Advertisement
Share

Lifeguards rescue man who jumped from Huntington Beach Pier

A screenshot from a video posted on YouTube shows a man as he prepares to jump from the Huntington Beach Pier on Monday.
(Courtesy of ma ballinas)

A man had just finished dinner at Ruby’s Diner on the Huntington Beach Pier at about dusk Monday, and while standing roughly 30 feet above the ocean, he had the urge to check an activity off his bucket list, authorities said.

A video of the incident shows the man climbing over the pier railing, readying himself and leaping off the structure. Bystanders groaned as he hit the water on his side after completing a back flip.

But the man, whom authorities did not identify, got caught in a strong current and couldn’t make his way the roughly third of a mile to shore. Instead, he clung to a pier piling and waited for help, said Huntington Beach Marine Safety Lt. Claude Panis.

Lifeguards responded after a bait shop business reported that the man was struggling in the water.

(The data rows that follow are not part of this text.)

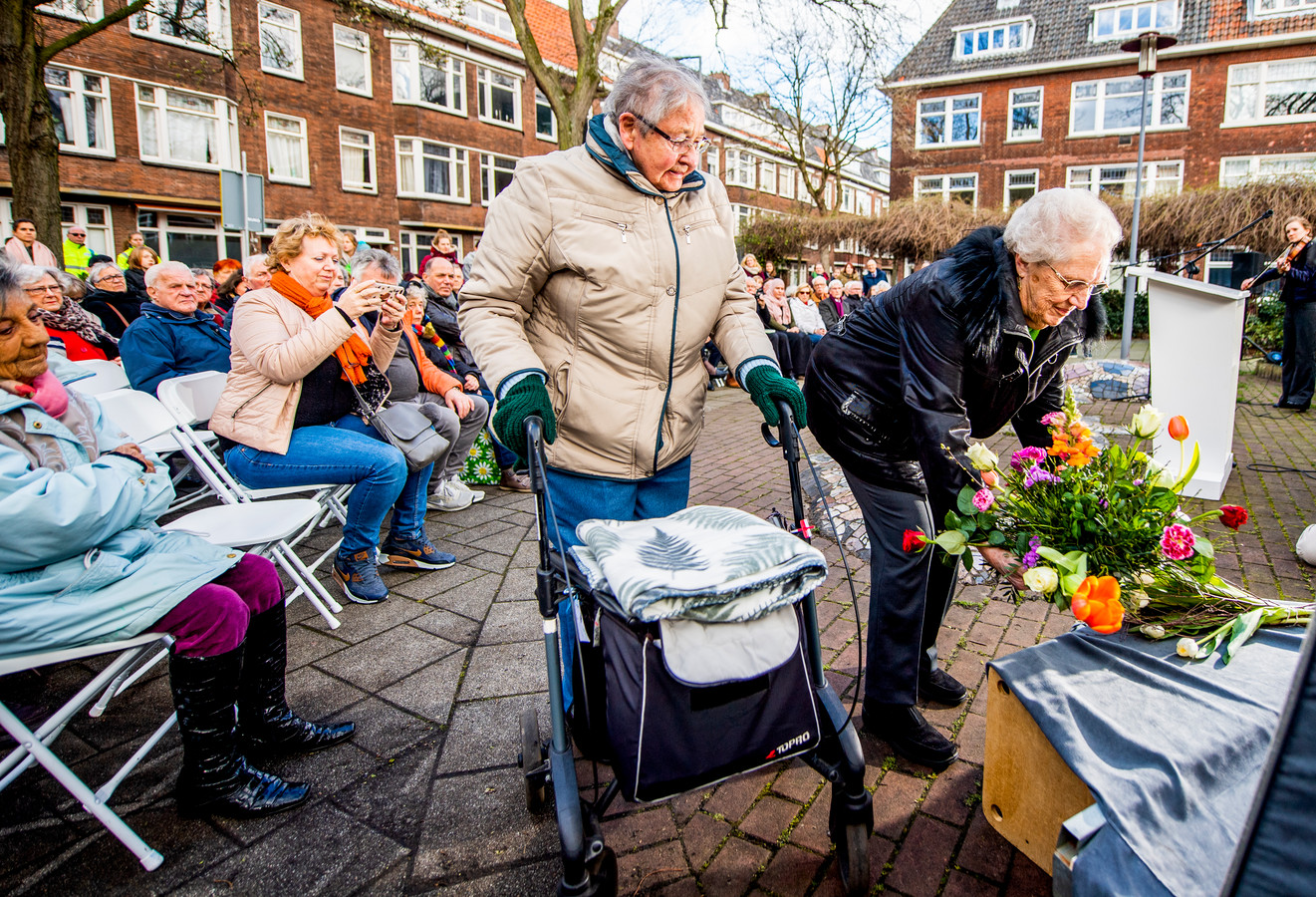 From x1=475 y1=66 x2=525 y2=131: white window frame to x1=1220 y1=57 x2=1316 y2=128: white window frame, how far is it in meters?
26.2

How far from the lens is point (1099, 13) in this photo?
2933 centimetres

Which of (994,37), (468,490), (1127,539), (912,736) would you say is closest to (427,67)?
(994,37)

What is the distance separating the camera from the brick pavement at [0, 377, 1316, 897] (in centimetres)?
207

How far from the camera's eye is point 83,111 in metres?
19.8

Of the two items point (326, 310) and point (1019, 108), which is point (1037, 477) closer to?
point (326, 310)

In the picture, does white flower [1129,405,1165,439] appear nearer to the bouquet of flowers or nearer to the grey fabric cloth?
the bouquet of flowers

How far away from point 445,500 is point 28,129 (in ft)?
25.2

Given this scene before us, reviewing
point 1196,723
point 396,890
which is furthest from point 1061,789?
point 396,890

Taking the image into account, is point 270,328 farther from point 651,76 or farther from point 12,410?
point 651,76

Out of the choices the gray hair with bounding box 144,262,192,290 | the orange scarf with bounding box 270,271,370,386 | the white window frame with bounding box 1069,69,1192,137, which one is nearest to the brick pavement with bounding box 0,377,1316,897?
the orange scarf with bounding box 270,271,370,386

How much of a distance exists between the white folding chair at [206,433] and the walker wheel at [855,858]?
273 centimetres

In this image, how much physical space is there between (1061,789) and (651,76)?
82.8 inches

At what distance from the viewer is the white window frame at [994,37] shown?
30650mm

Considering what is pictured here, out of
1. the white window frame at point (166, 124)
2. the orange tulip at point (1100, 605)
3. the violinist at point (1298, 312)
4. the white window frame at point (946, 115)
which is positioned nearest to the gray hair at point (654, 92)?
the orange tulip at point (1100, 605) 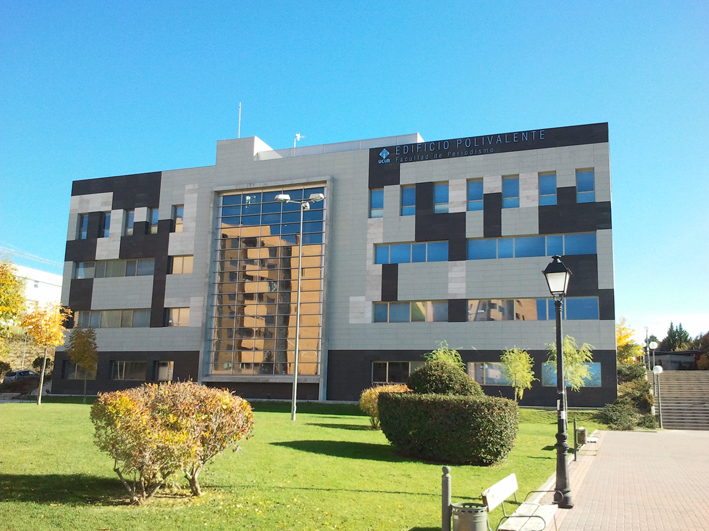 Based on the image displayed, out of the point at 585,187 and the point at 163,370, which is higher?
the point at 585,187

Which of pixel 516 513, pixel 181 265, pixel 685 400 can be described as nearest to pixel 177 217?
pixel 181 265

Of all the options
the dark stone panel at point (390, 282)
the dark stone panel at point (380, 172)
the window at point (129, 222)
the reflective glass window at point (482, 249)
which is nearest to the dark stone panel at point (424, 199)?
the dark stone panel at point (380, 172)

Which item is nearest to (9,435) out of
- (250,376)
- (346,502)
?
(346,502)

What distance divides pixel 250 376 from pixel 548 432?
2252cm

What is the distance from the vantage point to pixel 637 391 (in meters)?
37.4

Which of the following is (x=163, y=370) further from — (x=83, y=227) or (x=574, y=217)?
(x=574, y=217)

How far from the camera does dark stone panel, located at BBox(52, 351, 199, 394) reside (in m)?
44.2

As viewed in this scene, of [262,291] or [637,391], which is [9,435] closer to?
[262,291]

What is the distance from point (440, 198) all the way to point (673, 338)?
3237 inches

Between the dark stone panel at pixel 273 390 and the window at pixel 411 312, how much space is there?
6.85 m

The surf that day ranged from 4 to 6 feet, with strong rip currents.

A lifeguard jumped from the pier, placed the man on a buoy and swam to shore, Panis said.

The man didn’t need extensive medical treatment and was not taken to a hospital, authorities said. However, police cited him for jumping from the pier, an illegal act that carries a fine of $125, authorities said.

“The reason it’s illegal is because it’s a very dangerous thing to do,” Panis said. “We’ve had trained people that have been injured jumping off the pier. For the average person coming down to the beach, it’s extremely risky.”

However, risk of injury or fine doesn’t stop some thrill-seekers from taking the plunge each year.

Huntington Beach authorities cite about a dozen people annually for jumping off the pier, Panis said.

Lifeguards have seen people suffer back and leg injuries, and some weren’t able to make it to shore and drowned, Panis said.

“A lot of times people’s judgment is impaired because they’ve been drinking and they don’t realize the distance they’re out from shore,” he said. “After they jump, they realize they can’t make it back.”